As pessoas não estão dispostas a parar tudo para recuperar um pedaço de céu velho que caiu lá atrás
Estive em Brasília (de 31 de maio a 1 de junho). Voltei há pouco. Conversei com vários atores políticos, com gestores de carreira do Estado e com gente comum. Minha impressão é a seguinte: a maioria das pessoas quer andar para frente. Há, sim, uma porcentagem (pequena) que quer ficar remoendo, alimentando rancores e ressentimentos. Há gente até organizando brigadas de luta, meio na vibe dos anos 70 e 80 do século passado. Mas estes ficam falando sozinhos ou entre eles mesmos (tipo retroalimentação negativa). As pessoas querem continuar caminhando e não têm nenhum desejo de parar tudo para recuperar um pedaço de céu velho que caiu lá atrás. Notei isso até entre os que eram simpáticos ao PT.
Os que pensam politicamente sabem avaliar muito bem a natureza do governo Temer. Sabem que não é um governo da oposição formal, partidária (ainda que conte com três ou quatro gatos pingados do PSDB, do DEM e do PPS). Sabem também que não é um governo da nova oposição popular que emergiu da sociedade. Veem claramente que é um governo da base do antigo governo (do PMDB, do PP e outros sócios menores), em grande parte fisiológica e com comportamentos pouco republicanos (tudo como d’antes, durante os governos Lula e Dilma). Não é o governo dos sonhos de ninguém. Mas qual a alternativa? A volta de Dilma. Ah!… Não dá! Isso (quase) ninguém quer.
O governo Dilma perdeu a sua base congressual no momento em que a galera descobriu que o plano do PT era matar os aliados no final. Agora esta base está perdida de vez. Com alguns milhões de reais pode-se até comprar algumas cabeças. Mas a base, como tal, já era. Não volta mais. Pode até apoiar um aventureiro, pode até, depois de amanhã, se aliar a um Marcola ou a um Fernandinho Beira Mar. Mas voltar a servir como força auxiliar do PT, nunca mais. Até entre bandidos existe uma ética que não deve ser violada.

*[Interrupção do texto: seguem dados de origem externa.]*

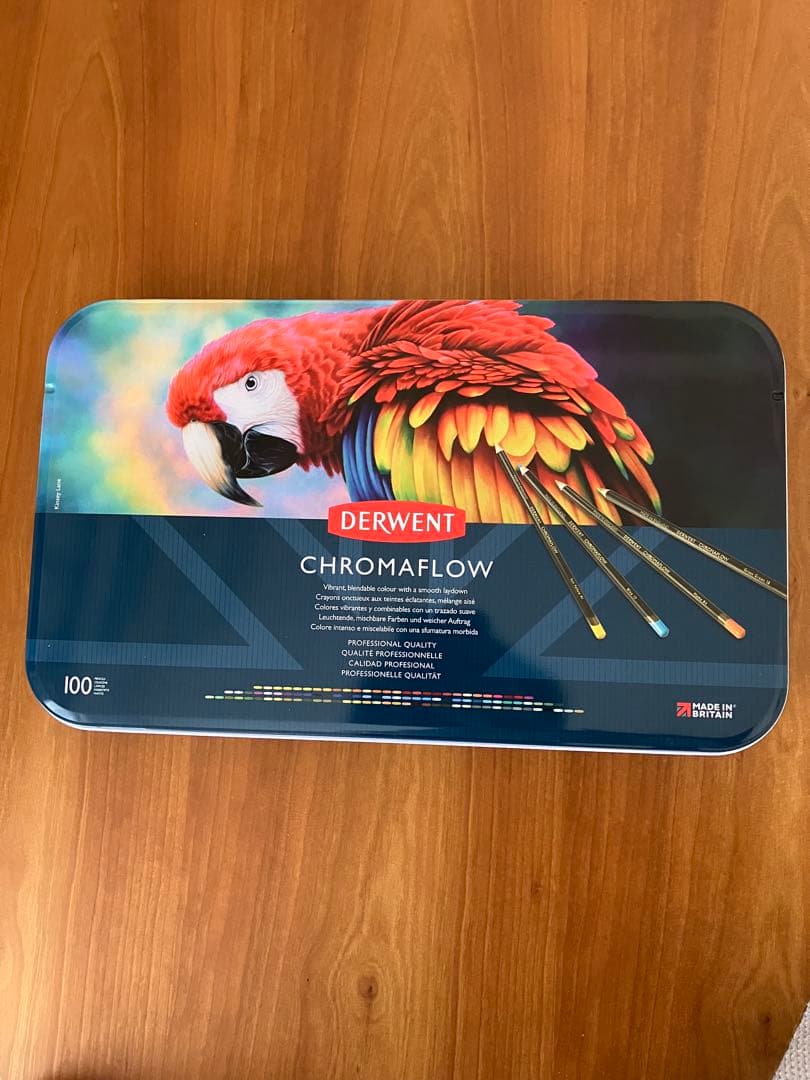 ダーウェント　クロマフロー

Os atores (estatais: parlamentares, juízes, procuradores, governantes) em geral não têm consciência de que o Estado atua por meio deles para se proteger. Mesmo sem saber, eles funcionam como anticorpos do Estado. O Estado-nação, assim como as demais formas de Estado que surgiram nos últimos seis milênios, é um tipo de organismo social extremamente resiliente, capaz de se auto-regenerar para continuar existindo. O Estado-nação brasileiro reagiu à tentativa do PT de criar um Estado paralelo. É por isso que as chamadas instituições, inclusive aquelas que foram compostas majoritariamente por indicações do PT (como o STF), não obedecem ao PT. É por isso que o parlamento como um todo – por mais fisiológico que seja e tenha sido alugado pelo PT – desobedeceu ao PT. É por isso que o ministério público não serve mais ao partido (inclusive o Procurador Geral da República, mesmo reconduzido pelo PT, não se mostra suficientemente grato, segundo reclamou Lula em gravação autorizada pela justiça). É por isso que as forças armadas ficaram quietas (felizmente) durante toda esta crise, mas seu silêncio foi gritante: deixaram claro que não entrariam em nenhuma aventura para alterar a natureza do Estado constitucional (o Estado democrático de direito) e que não apoiavam as tendências lesa-pátria da política externa lulopetista de se aliar a ditaduras e protoditaduras bolivarianas (o calcanhar de Aquiles do PT, o rabo do gato que não pode ser escondido, por meio do qual ficava claro o seu projeto, por mais que reiterasse negativas e protestos de que suas intenções eram democráticas).
A máquina está rodando. Rodaria com qualquer um. Roda até sem presidente. O mercado político e o mercado propriamente dito já precificaram o governo Temer. E vão com ele na falta de alternativa melhor (a volta de Dilma é alternativa pior). A não ser que haja um caos no país, a tendência inercial é esta. Rei morto, rei posto. Vamos em frente que atrás vem gente.